In most circumstances, it would be odd to sight that my favorite remixes are two versions of the same song: both versions of "La Familia," a gem from Mirah's first (and probably best) LP You Think It's Like This But Really It's Like This. The mixes come from Guy Sigsworth and Chris Baker, but neither significantly differs from each other (or from the original song). This is a memorable pop song (albeit a risqué one) and Sigsworth and Baker tinker with the music a little bit (including lowering its volume) and add a few effects, but both improve the original song because her soothing vocals are drawn out more.

Conversely, the most questionable track kicks off the second disc with Mt. Eerie's Phil Elvrum remixing "Don't Die In Me." Elvrum adds some scratches and skips, but rather than sounding taking a Grandmaster Flash feel, it sounds more like my kid sister scratched the disc up beforehand. To his credit, though, Elvrum has produced many of Mirah's prior albums and has done an exemplary job for the most part. Fortunately, there is another (and much better) mix of this song on disc one by Bryce Panic. The most ambitious mix probably belongs to YACHT, who put the harmonies on "Make it Hot" through a vocoder, and it makes for the best dance track on Joyride.

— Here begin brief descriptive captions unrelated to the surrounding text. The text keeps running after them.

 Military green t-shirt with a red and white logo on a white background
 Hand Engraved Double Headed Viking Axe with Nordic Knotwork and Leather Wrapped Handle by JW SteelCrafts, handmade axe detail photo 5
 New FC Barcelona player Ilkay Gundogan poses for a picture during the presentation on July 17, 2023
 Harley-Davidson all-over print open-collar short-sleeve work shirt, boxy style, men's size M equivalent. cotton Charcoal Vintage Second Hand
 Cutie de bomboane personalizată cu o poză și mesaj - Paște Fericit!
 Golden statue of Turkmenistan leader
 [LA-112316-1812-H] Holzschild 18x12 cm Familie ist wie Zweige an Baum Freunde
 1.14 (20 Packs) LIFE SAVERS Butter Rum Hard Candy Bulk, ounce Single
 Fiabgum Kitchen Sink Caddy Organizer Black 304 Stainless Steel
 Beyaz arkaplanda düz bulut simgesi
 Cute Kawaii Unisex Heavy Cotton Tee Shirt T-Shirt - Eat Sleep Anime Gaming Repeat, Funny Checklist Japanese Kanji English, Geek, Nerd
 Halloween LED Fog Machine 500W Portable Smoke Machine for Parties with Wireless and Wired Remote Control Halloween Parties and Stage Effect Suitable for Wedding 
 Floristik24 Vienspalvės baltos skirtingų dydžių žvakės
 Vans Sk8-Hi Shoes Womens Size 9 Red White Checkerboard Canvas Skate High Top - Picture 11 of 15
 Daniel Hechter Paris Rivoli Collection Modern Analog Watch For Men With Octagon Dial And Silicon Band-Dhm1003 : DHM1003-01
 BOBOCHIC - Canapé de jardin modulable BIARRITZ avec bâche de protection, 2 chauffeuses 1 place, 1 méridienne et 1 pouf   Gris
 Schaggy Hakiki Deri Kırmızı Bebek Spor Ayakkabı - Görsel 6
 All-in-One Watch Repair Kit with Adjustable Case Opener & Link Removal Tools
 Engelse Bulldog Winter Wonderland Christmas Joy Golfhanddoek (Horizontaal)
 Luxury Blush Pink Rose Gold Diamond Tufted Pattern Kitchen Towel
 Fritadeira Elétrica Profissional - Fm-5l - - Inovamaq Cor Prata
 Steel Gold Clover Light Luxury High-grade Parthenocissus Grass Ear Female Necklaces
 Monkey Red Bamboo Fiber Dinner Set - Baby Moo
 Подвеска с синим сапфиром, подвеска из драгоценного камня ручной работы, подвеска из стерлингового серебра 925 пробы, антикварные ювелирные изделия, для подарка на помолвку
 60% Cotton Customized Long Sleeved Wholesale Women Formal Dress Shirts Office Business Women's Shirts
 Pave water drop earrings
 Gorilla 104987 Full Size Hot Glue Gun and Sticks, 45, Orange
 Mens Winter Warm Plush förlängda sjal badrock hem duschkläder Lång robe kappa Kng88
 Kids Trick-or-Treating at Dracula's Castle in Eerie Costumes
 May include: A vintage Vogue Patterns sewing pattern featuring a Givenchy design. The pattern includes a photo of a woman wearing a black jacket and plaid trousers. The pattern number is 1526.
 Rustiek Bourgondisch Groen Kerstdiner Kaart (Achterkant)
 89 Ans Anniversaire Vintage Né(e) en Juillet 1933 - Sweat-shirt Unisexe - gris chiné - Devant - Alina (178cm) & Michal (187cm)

I've always sort of believed that Mirah was born a few generations too late. She's always been an interesting artist and has made some terrific collaborations (see, for example, her album To All We Stretch the Open Arm with the Black Cat Orchestra), but I've also thought it would be ideal if she'd record an album of pop standards. It's easy to picture Mirah being Cole Porter's favorite muse if they were from the same generation.

Overall, Joyride has some great tracks, some that are forgettable, and some that are inconsequential. If you are already a Mirah fan, you'll probably jump at the chance to hear her tremendous harmonies. If not, it's not the best introduction but it's more than enough to hold you over until her next album.